┌─ RECORDS PROVIDED

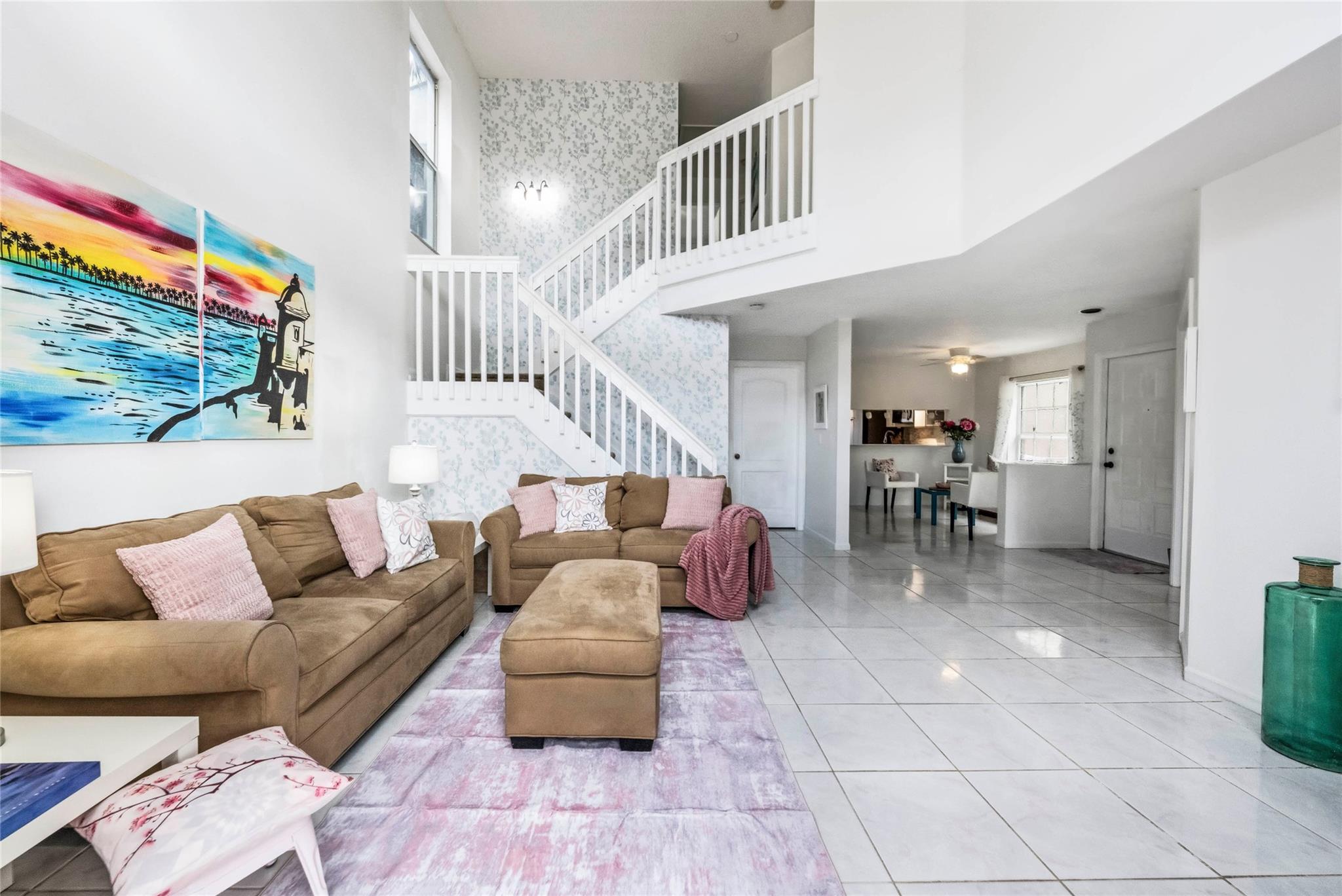 Kensington South 155-15 B - Residential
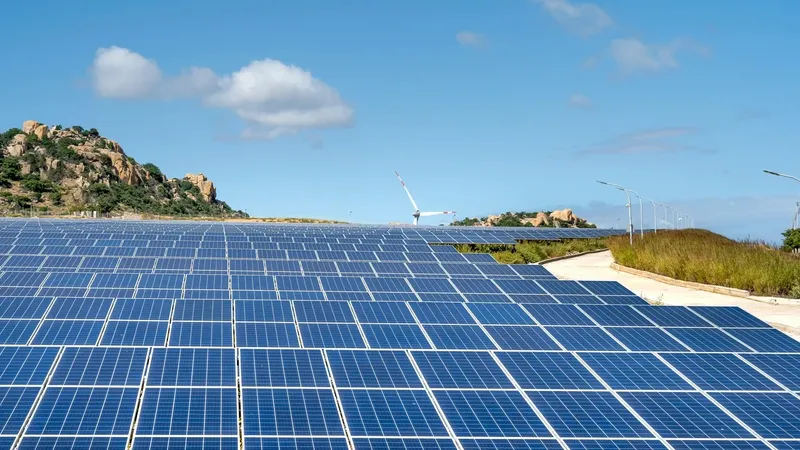China inaugura la mayor fábrica de paneles solares de perovskita del mundo
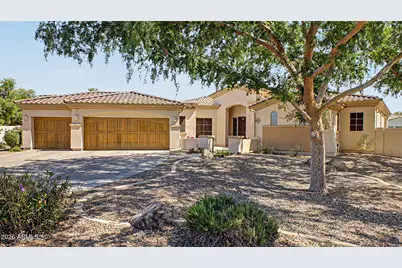 975 E County Down Drive, Chandler, AZ 85249 - Photo 1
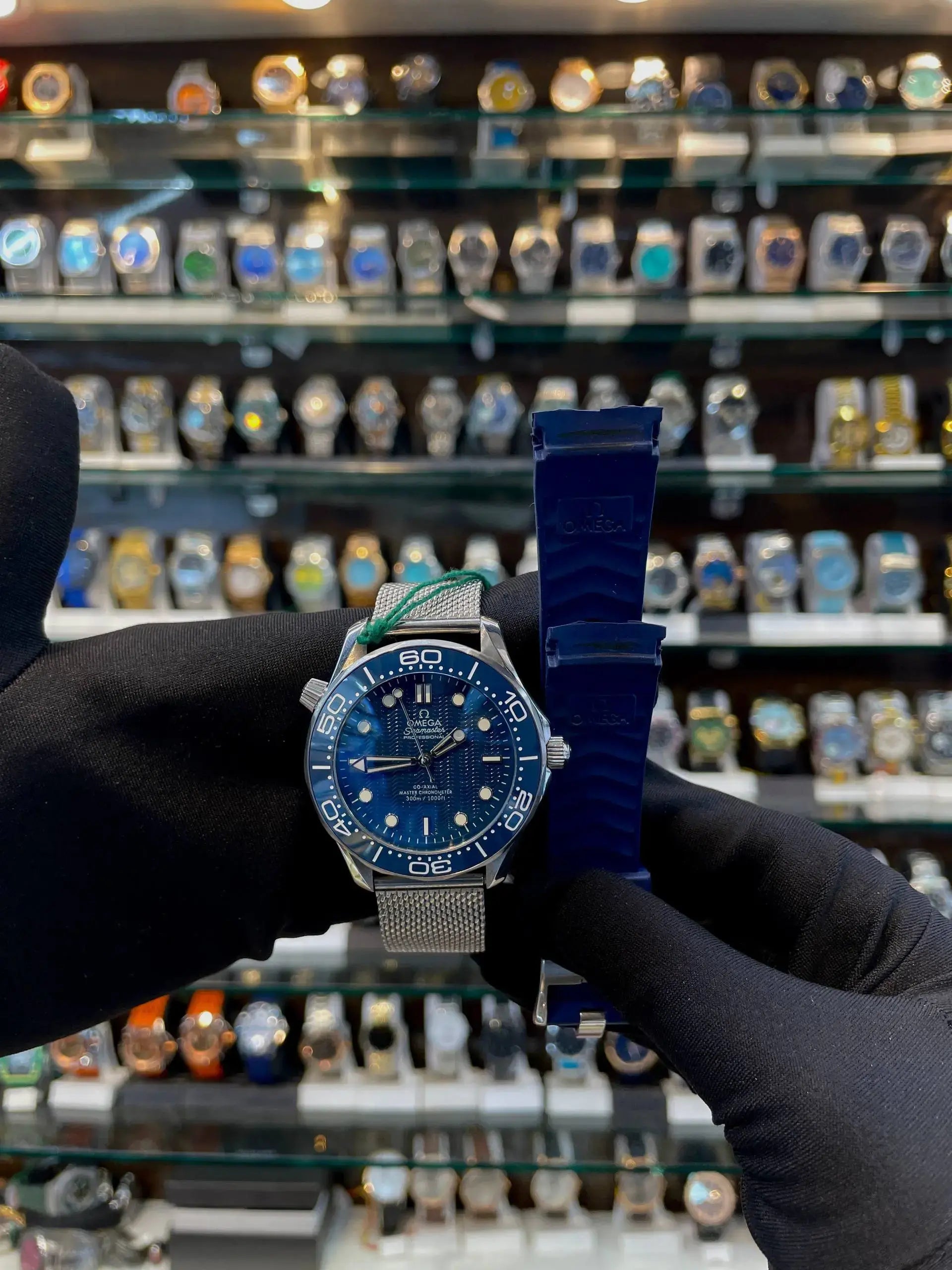 Omega seamaster divers 300m james bond edition dual strap in master piece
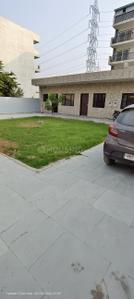 Image of 4500 Sq.ft 4 BHK Builder Floor for rent in Palm Ardee City 4, Sector 52, Gurgaon for Rs. 42000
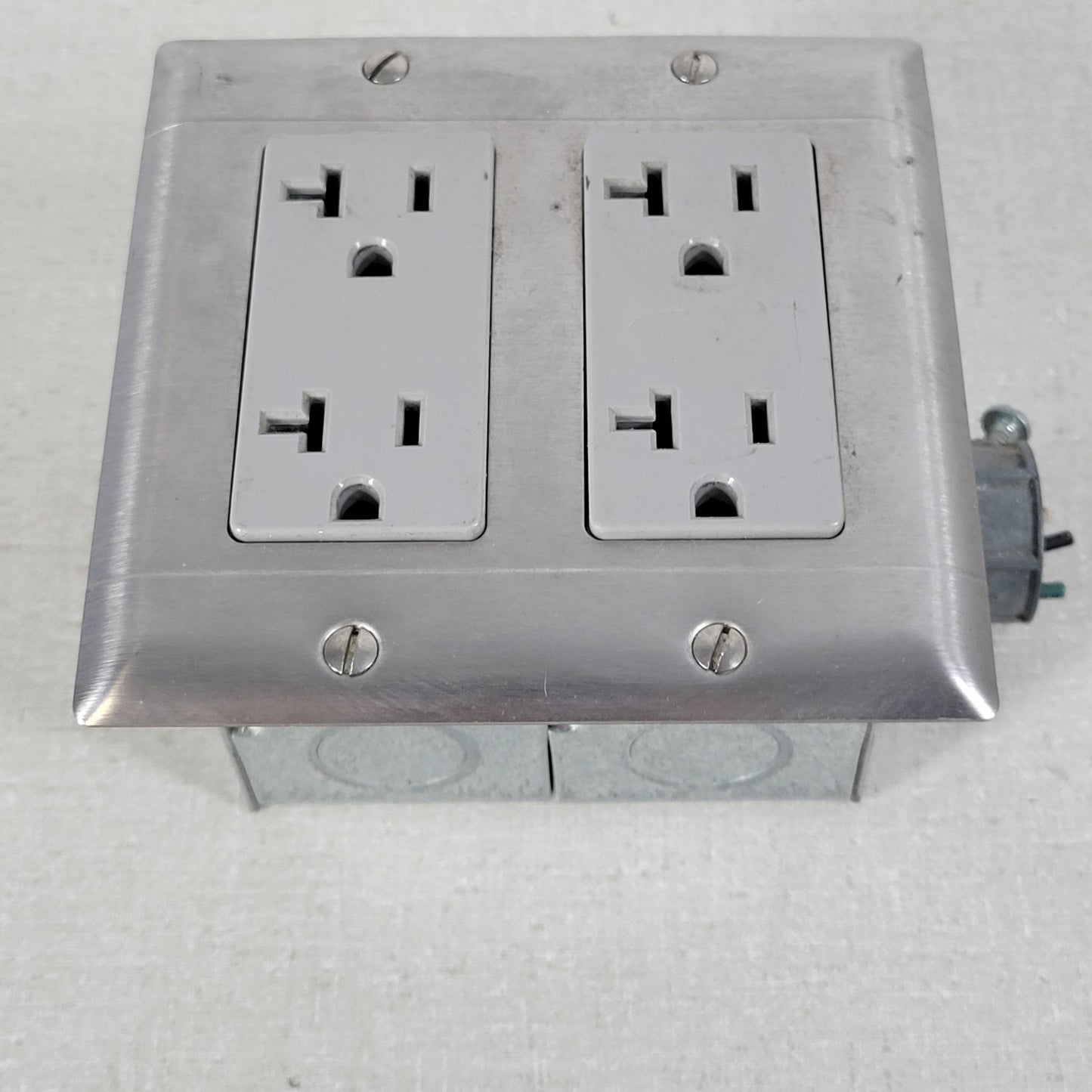 Built-In Double-Gang Work Bench Outlet Box Middle for Mains Connection 120V 20A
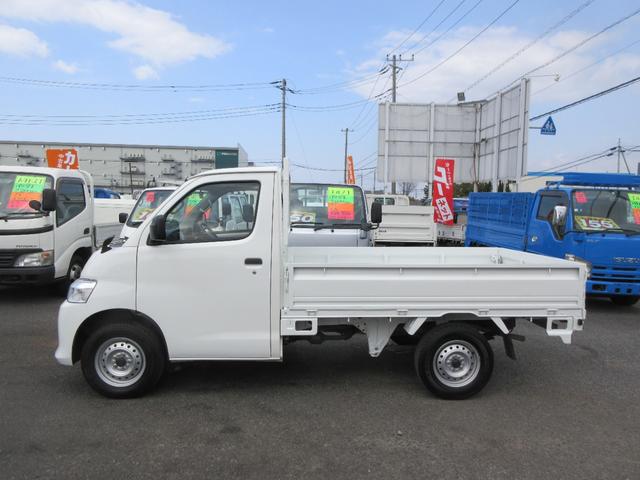 MAZDA BONGO TRUCK DX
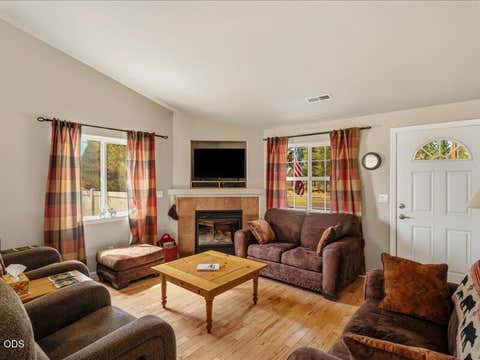 Tiny photo for 16679 Wm Foss Road, La Pine, OR 97739 (MLS # 220225362)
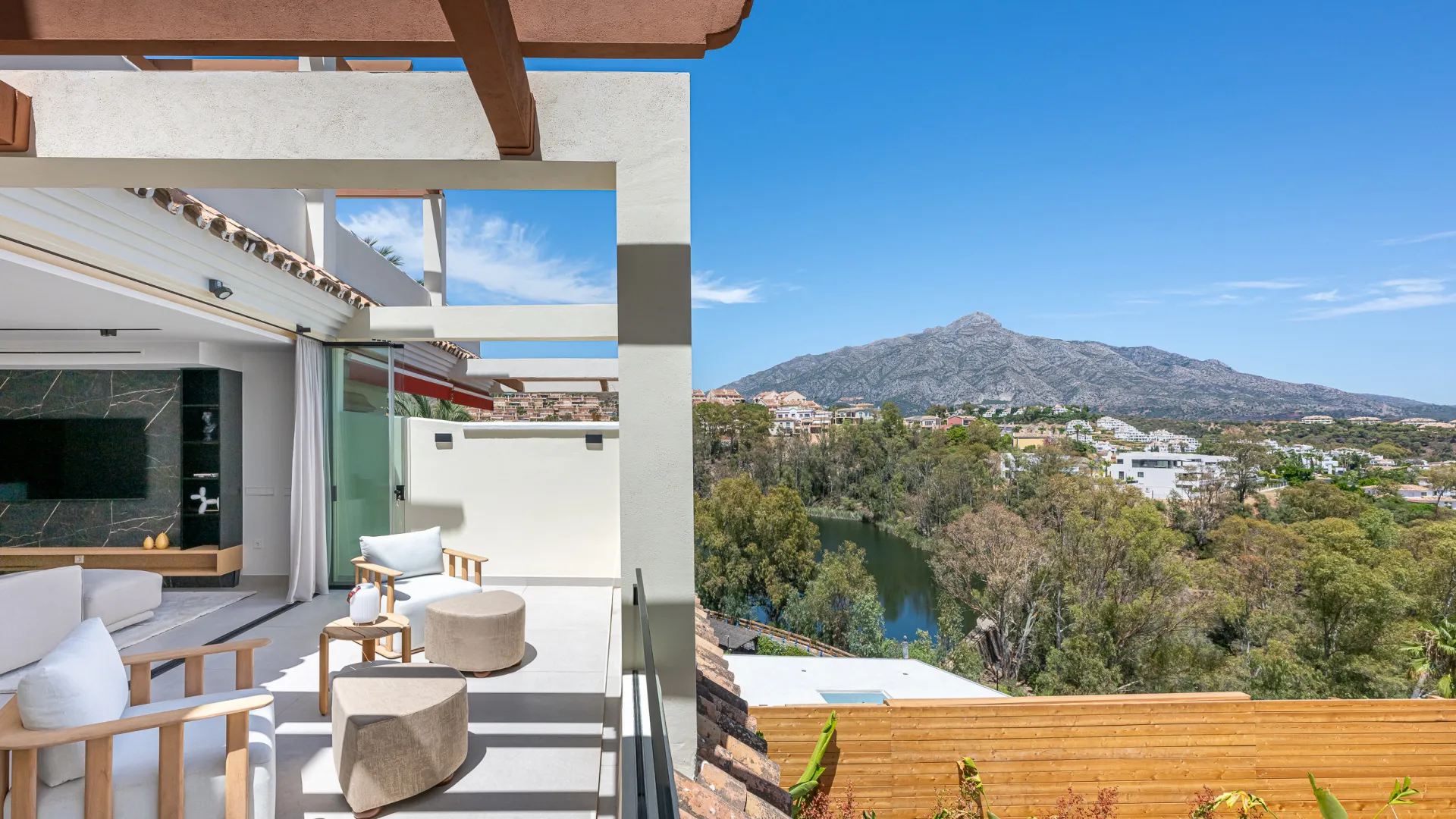 3 bedrooms apartment for sale in Palacetes Los Belvederes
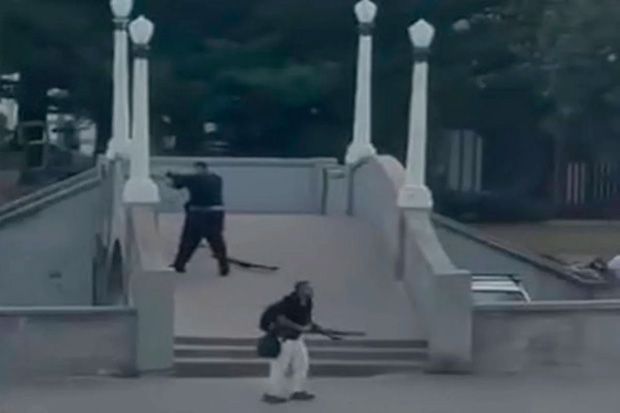 Atiradores matam ao menos 11 pessoas durante festa em praia  de Bondi na Austrália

└─

REQUIREMENT >>
Only lines belong in the copy, not pictures: write out exactly the lines of the records from the first through the one holding "3 bedrooms apartment".

TASK RESPONSE >>
 Kensington South 155-15 B - Residential
China inaugura la mayor fábrica de paneles solares de perovskita del mundo
 975 E County Down Drive, Chandler, AZ 85249 - Photo 1
 Omega seamaster divers 300m james bond edition dual strap in master piece
 Image of 4500 Sq.ft 4 BHK Builder Floor for rent in Palm Ardee City 4, Sector 52, Gurgaon for Rs. 42000
 Built-In Double-Gang Work Bench Outlet Box Middle for Mains Connection 120V 20A
 MAZDA BONGO TRUCK DX
 Tiny photo for 16679 Wm Foss Road, La Pine, OR 97739 (MLS # 220225362)
 3 bedrooms apartment for sale in Palacetes Los Belvederes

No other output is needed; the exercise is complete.